Rain showers expected through Labor Day in Summit County

August 2021 sees more rainfall for the month of August than in the past 5 years

Partly cloudy skies are seen in Frisco on Tuesday, Aug. 31.
Photo by Taylor Sienkiewicz /

Summit County is about to get relief from the smoky skies with chances of showers every day starting Wednesday, Sept. 1, through Labor Day.

While Tuesday, Aug. 31, was hot and dry with wildfire smoke blowing in from western fires, National Weather Service meteorologist Scott Entrekin said there is a solid chance for showers and thunderstorms to roll in Wednesday afternoon with chances of showers continuing into next week.

“It looks like after (Wednesday) we’re going to probably just see kind of your typical afternoon, evening showers and thunderstorms right through this weekend,” Entrekin said.

The best chances for precipitation are Wednesday and Friday, Sept. 3, Entrekin said, as models show moisture levels increasing on those days.

As for accumulation, Entrekin said the storms will be hit or miss, maybe bringing a quarter of an inch at a time. By the weekend, he said Frisco could see a quarter of an inch to half an inch of total rainfall.

“But of course, you could get all of that in one storm,” Entrekin said.

Entrekin said it’s unlikely that the storms will bring heavy amounts of rainfall, and no flash flood watches or warnings are expected to be issued for the area. He noted that there will be stronger threats for flash flooding further west: A flash flood watch for Wednesday has been placed on the Vail area.
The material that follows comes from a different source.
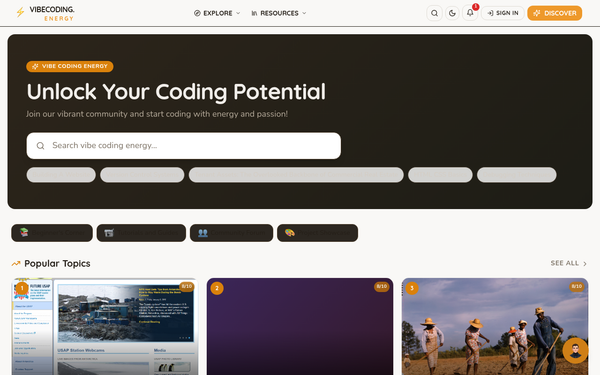 Vibe Coding Energy | Your Guide to Vibe Coding Energy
The rain is expected to clear some of the smoke out of the area, Entrekin said, and temperatures will cool slightly. The expected high Tuesday was 79 degrees, but according to the National Weather Service’s Frisco forecast, temperatures aren’t expected to get above 72 degrees through the reminder of the workweek. However, temperatures will heat up a bit over the weekend, with a high of 75 expected Sunday, Sept. 5, and Monday, Sept. 6.

“Higher elevations may be cooling down into the 60s,” Entrekin said.

Graphic by Taylor Sienkiewicz /

The Dillon weather station recorded a total of 2.49 inches of precipitation in August, which is over half an inch more rainfall than what is typically seen in the month. The normal amount of rainfall seen at the Dillon weather station in August is 1.91 inches, which is based on historical averages.

This August marks the greatest amount of total rainfall in the past five years. In August 2016, 3.2 inches of rain was recorded. This is also the first year since 2017 that the total August rainfall has surpassed 2 inches.

Despite the above average rainfall, drought conditions haven’t changed much this month. While extreme drought has receded since the beginning of the month, most of Summit County remains classified as experiencing drought conditions according to the U.S. Drought Monitor’s drought scale, which ranges from abnormally dry to exceptional drought.

While the easternmost portion of Summit County is not experiencing drought, drought conditions move from abnormally dry in the central portion of the county to extreme drought in the north-westernmost part of the county.